Mayor to run again in L.A.
Los Angeles Mayor Antonio Villaraigosa informed a national television audience this week that he intended to seek a second term in the city’s top post while giving some of his most personal remarks to date about the political fallout from his extramarital affair.
But Villaraigosa, who informally has discussed his reelection intentions off and on for a couple of months, did not say directly whether he would run for governor in 2010, one year after the mayoral election.
In a wide-ranging interview with public television’s Charlie Rose on Wednesday -- stemming from his support for Democratic presidential candidate Hillary Rodham Clinton -- the mayor was asked about his gubernatorial ambitions.
Rose quoted an unnamed supporter of Villaraigosa who said the mayor “is thinking more about being governor than he is about being mayor.”
Villaraigosa replied: “Nothing could be further from the truth. . . . My first priority is this job. . . . I’m running for reelection. I’d love your support. I aim to work as hard as I have in the first 2 1/2 years, all through the first term and the second.”
The mayor also acknowledged that his poll numbers had skidded since revelations last summer that he was romantically involved with a television news reporter and anchor. He and his wife, Corina, separated shortly before the story broke.
“I had a tough summer,” he replied to Rose’s question about why the poll numbers had dropped. “I got divorced; it wasn’t pretty.”
Rose asked whether the news media had treated him fairly then.
“I think if you accept public life, you’re going to live in a fishbowl,” Villaraigosa said. “They are going to write about you. Sometimes they write good things about you. Sometimes they don’t.”
Before the disclosure of the affair, Villaraigosa’s internal polling showed him with a 71% favorable rating, aides said.

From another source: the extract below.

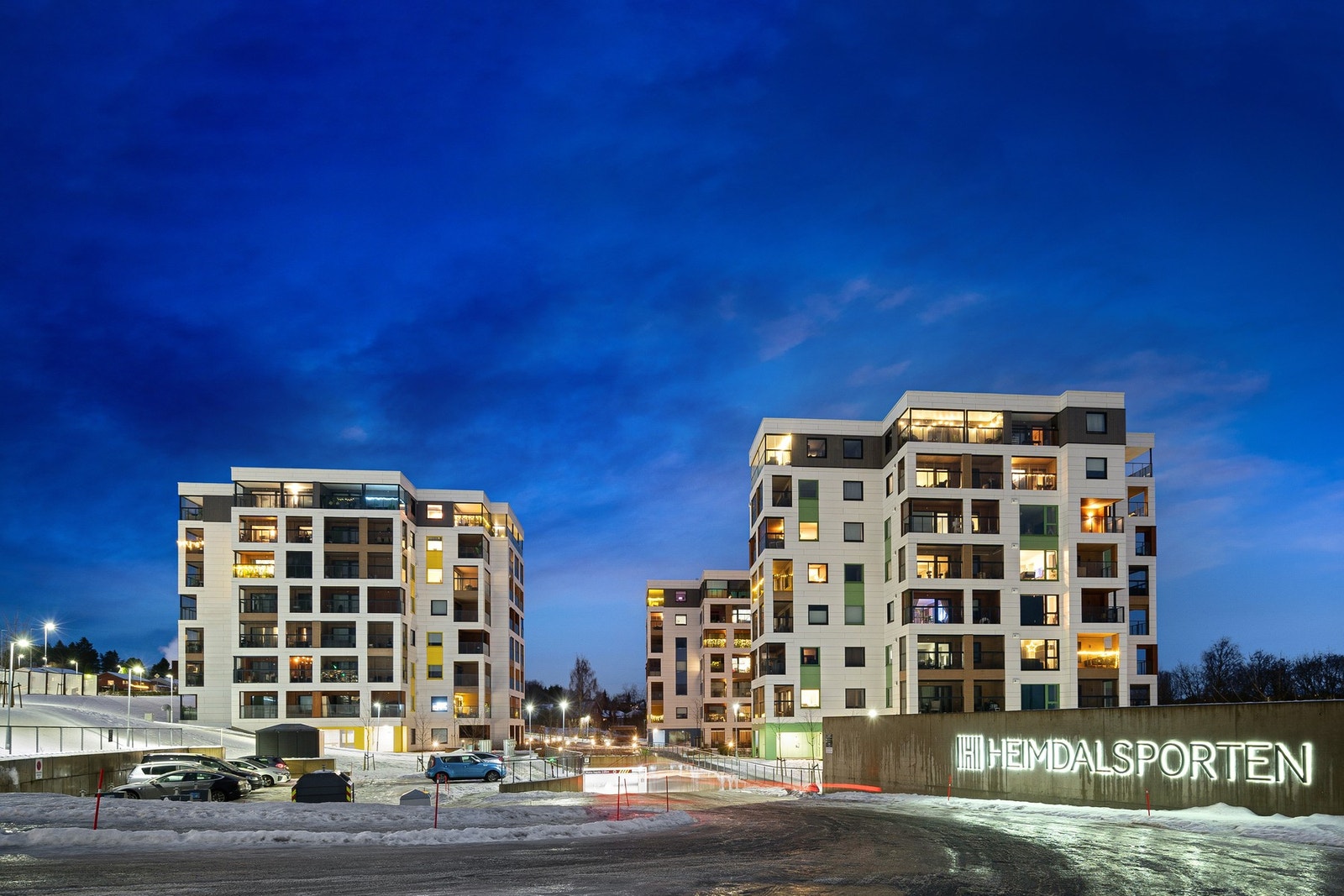 Sentral beliggenhet med umiddelbar tilgang til "alle" fasiliteter på Tiller. Galleribilde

That dropped to 50% in August; outside polling showed an even lower number.
Since then, aides say, he has regained some ground, citing a 60% favorable mark in their latest polling, in December.

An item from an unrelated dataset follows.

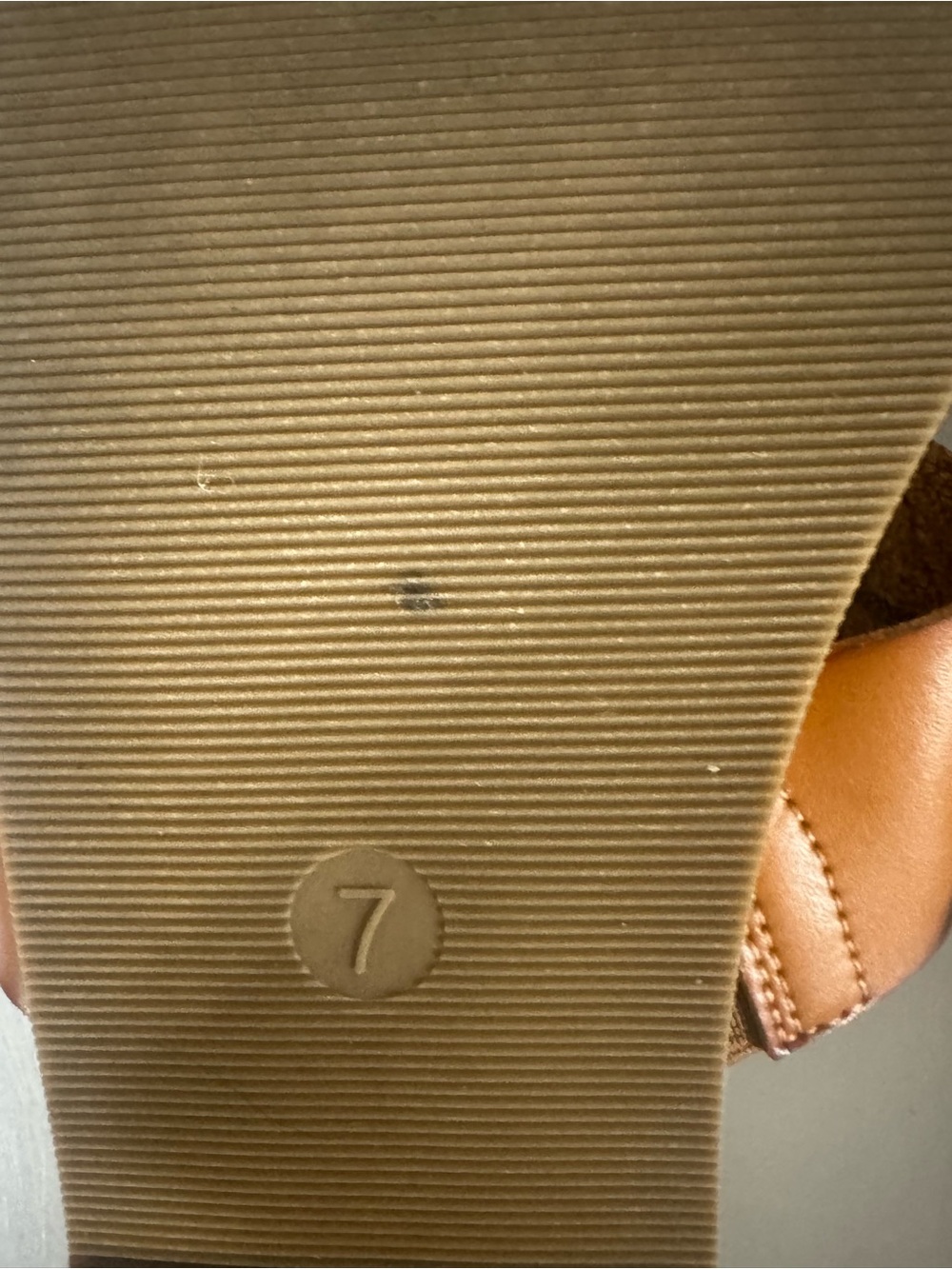 Universal Threads Sandals - Picture 6 of 6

Villaraigosa also has raised his public profile locally and nationally -- persuading teachers and parents at six Los Angeles public schools to join his education reform efforts and assuming a visible role in Clinton’s presidential campaign, in which he is serving as a national co-chairman.
He made repeated trips to Iowa, Nevada and other states on Clinton’s behalf, and he is expected to visit Texas again before that state’s March 4 primary.
The mayor has yet to begin raising money for his March 2009 campaign. His aides said he would launch a reelection committee in the coming weeks.
No credible opponent has stepped forward yet to challenge him for reelection, though rumors of possible rivals have swept through City Hall.
Speculation that Villaraigosa had his eye on the governor’s post has swirled almost from the day he became mayor, a job he insists he loves. But that is similar to what he had said about being a councilman. When seeking a council seat in 2003, he promised Eastside voters that he would serve a full four-year term, then left in 2005 when he won the mayor’s race.
Critics have suggested that Villaraigosa has lost his focus and splintered his energies among too many initiatives. Rose asked him whether he was “adrift.”
“I feel very comfortable with the man in the mirror,” Villaraigosa said. “I feel very comfortable with the job we’re doing. The people of this city in a year and a half will be able to make a decision whether they think we’re doing a good job, whether we ought to be given a second term. We’ll see what happens.”